The new SAB software automates and simplifies this process, shortening the length of time it takes and minimizing human error that can happen along the way. “It also helps engineers gain confidence that their safety systems meet required safety standards,” he said.
Specifically, the SAB tool guides manufacturers through the safety system design process by providing options for layout, as well as safety performance level (PL) analysis based on ISO 13849-1 using IFA’s SISTEMA (Safety Integrity Software Tool for Evaluation of Machine Applications). It also provides steps for selecting products using Allen-Bradley safety automation products. To do this, the tool enables users to import an image of machinery, and answer questions using a drop-down menu and help screens to identify and select the necessary safeguards.
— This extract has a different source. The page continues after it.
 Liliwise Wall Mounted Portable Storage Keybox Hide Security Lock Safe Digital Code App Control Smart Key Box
The software then organizes all product selections, generates a bill of materials, and compiles necessary data to populate SISTEMA, which uses an automatic calculation to indicate the attained PL of the safety system using ISO 13849-1. Users also receive a SISTEMA project file as part of the process.
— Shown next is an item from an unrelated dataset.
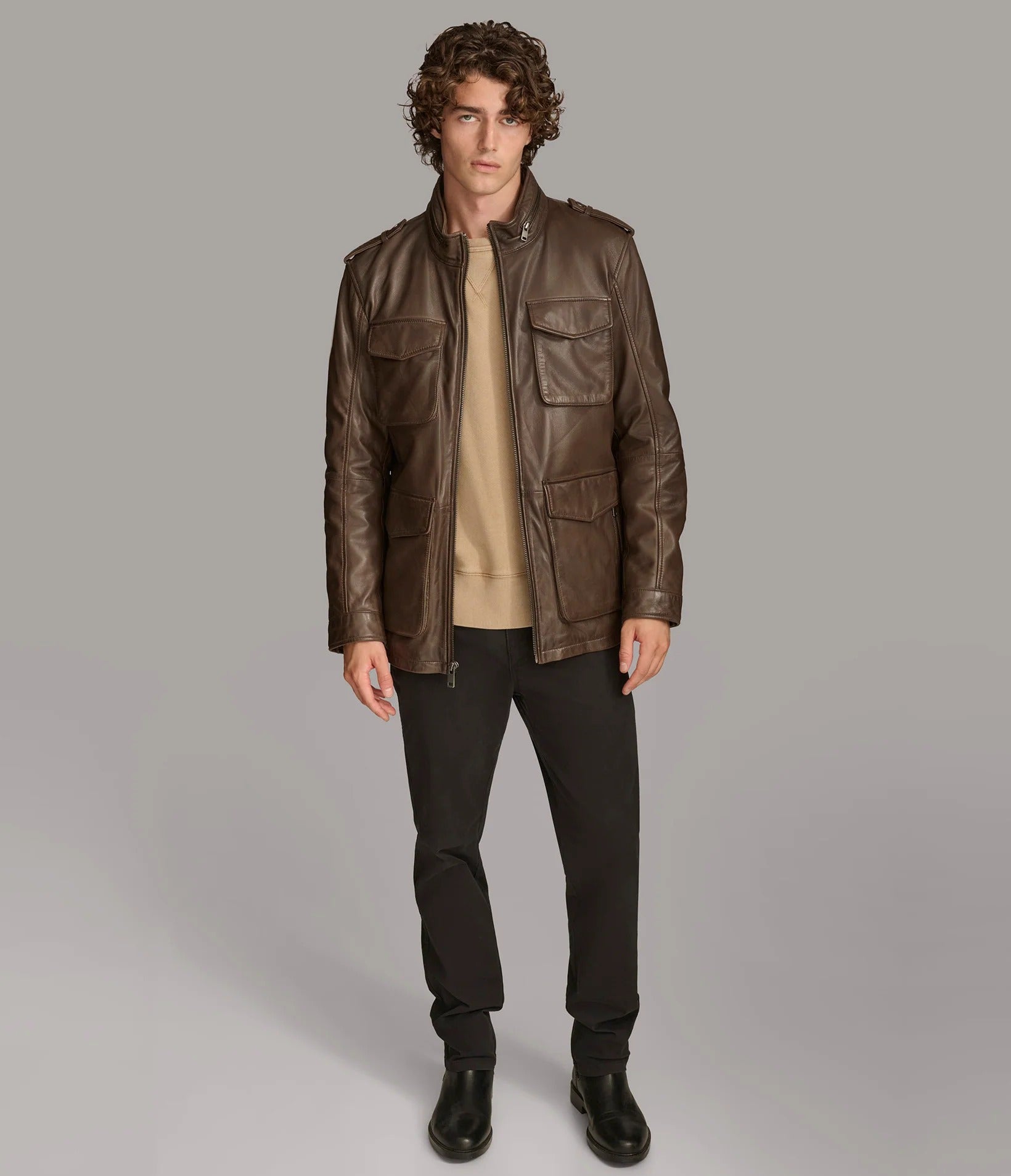 Medium Men's Field Style Leather Jacket - skyjackerz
The Safety Functions complements the SAB tool by providing pre-engineered design documents containing detailed information for each safeguarding method, including specific functionality, PL, and required input, logic, and output components. “After going through the SAB process, the user is able to select the appropriate Safety Function needed for a particular machine and combine it with the bill of materials to design a complete safety system,” Brogli said.
Thanks, bobjengr. It seems like you engineers are maneuvering a minefield when it comes to safety, and it seems that any tools that can help are certainly useful and needed. The only thing I wonder is why something like this didn't come along sooner, as you note that safety has been a concern for a long time and something that's difficult to navigate, especially for new engineers.
Elizabeth--excellent post. I definitely will take a look at this software. As a "brand-spanking" new engineer, my first design attempt was somewhat devoid of guards, shields, barriers, etc. There were "pinch-points" galore. Please keep in mind this was long before OSHA. Published safety standard were few and far between also. Luckily enough, I reported to a very experienced engineer. One that dealt with reality on a daily basis and understood the probabilities of injury during manufacturing processes. Needless to say, the design changed considerably and for the better. Software as mentioned would have saved me the embarrassment and a significant "do-over". Again, great post.
Recent changes in the machinery directive and safety standards are making the process more complex for machinery builders. Any tools that can help in this process will be welcomed by system engineers and safety personnel.
To be clear - SISTEMA is software made by a company other htan Rockwell (IFA as noted in the article). Rockwell provides data on their products to the SISTEMA software in order to generate the SIL rating. It's a good way for a somewhat independent verification.
The fact that something like SISTEMA is necessary should say something about how complicated safety has become.